I have a couple of Pandas dataframes that I am trying to merge together without any luck.
The first dataframe (let's call it dataframe A) looks a little like this:
offer | type | country
------|------|--------
123 | A | UK
456 | B | UK
789 | A | ROI
It's created by reading in an .xlsx file using the following code:
file_name = "My file.xlsx"
df_a = pd.read_excel(file_name, sheet_name = "Offers Plan", usecols= ["offer","type","country"], dtype={'offer': str})

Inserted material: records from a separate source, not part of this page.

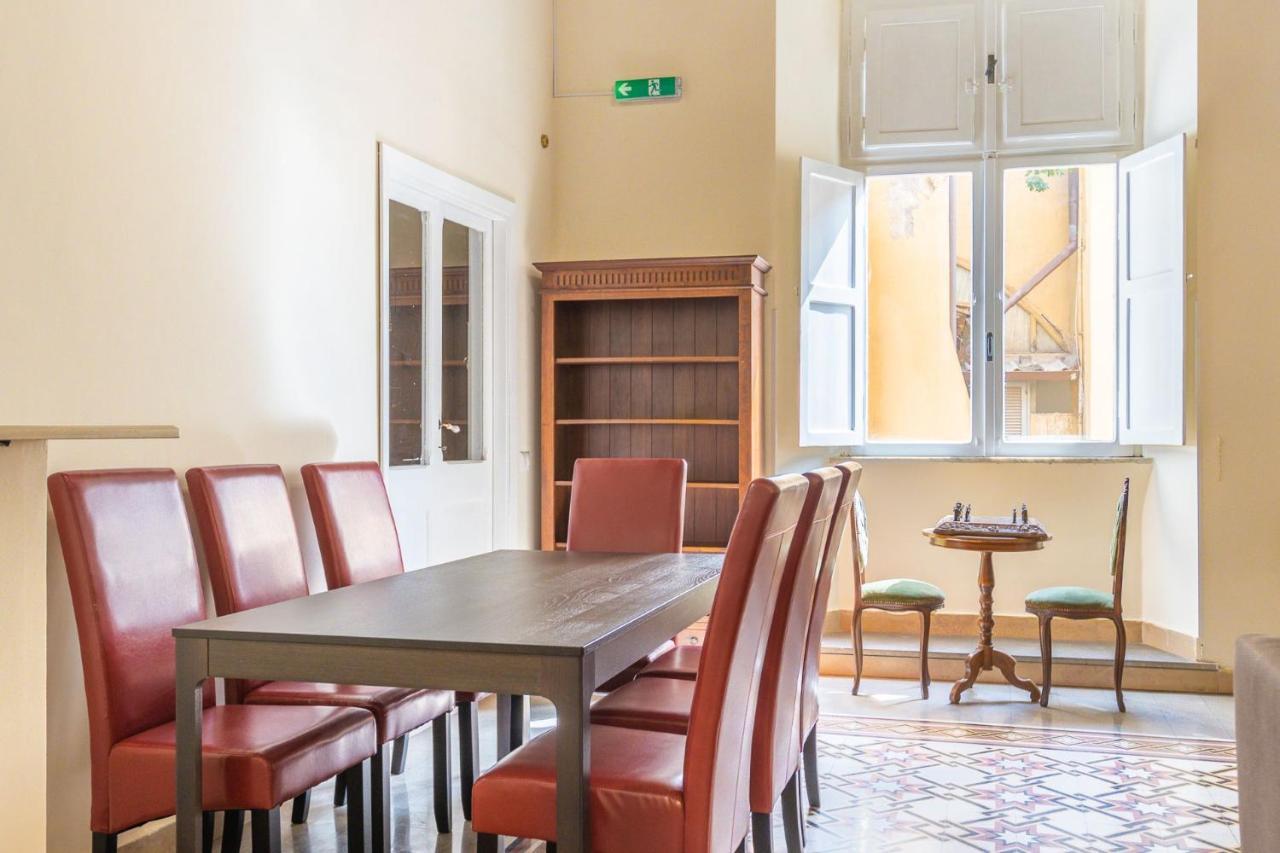 The House Of Thrones Apartamento Viterbo Exterior foto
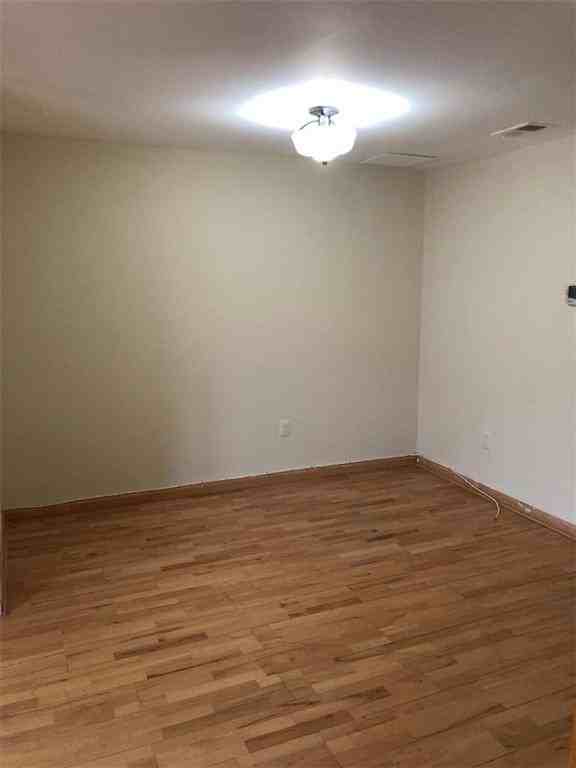 1102 Hickory Ct - Photo 3 of 19
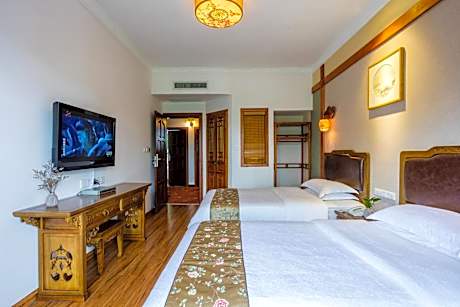 Twin Room with Balcony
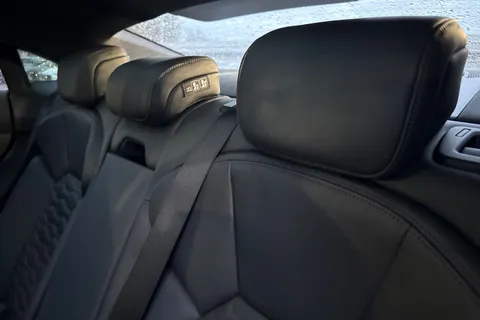  Audi e-tron GT 105kWh Vorsprung Auto quattro 4dr Thumbnail #19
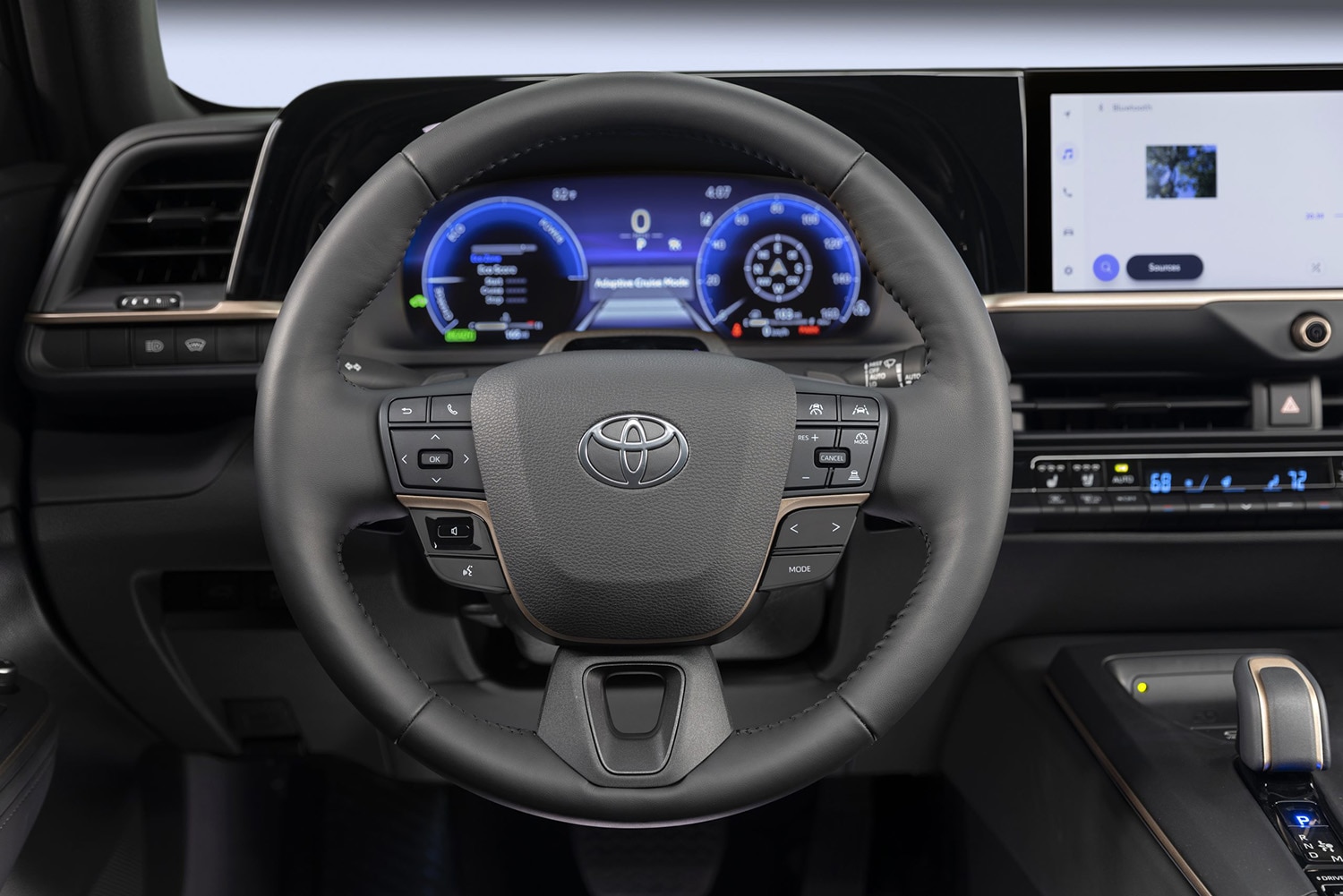 2023 Toyota Crown Platinum steering wheel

The offer column is being read in as a string because otherwise they end up in the format 123.0. The offers need to be in the format 123 because they're being used in some embedded SQL later on in the code that looks for them in a certain database table. In this table the offers are in the format 123, so the SQL will return no results when looking for 123.0.
The second dataframe (dataframe B) looks a little like this:
offer
-----
123
456
789
123
456
123
What I want to do is merge the two dataframes together so the results look like this:
offer | type | country
------|------|--------
123 | A | UK
456 | B | UK
789 | A | ROI
123 | A | UK
456 | B | UK
123 | A | UK
I've tried using the following code, but I get an error message saying "ValueError: You are trying to merge on int64 and object columns":
df_merged = pd.merge(df.b, df.a, how = 'left', on="offer")
Does anyone know how I can merge the dataframes correctly please?
CodePudding user response:
IIUC you can just change the df_a column to an int
df_a['offer'] = df_a['offer'].astype(int)
This will change it from a float/str to an int. If this gives you an error about converting from a str/float to an int check to make sure that you don't have any NaN/Nulls in your data. If you do you will need to remove them for a successful conversion.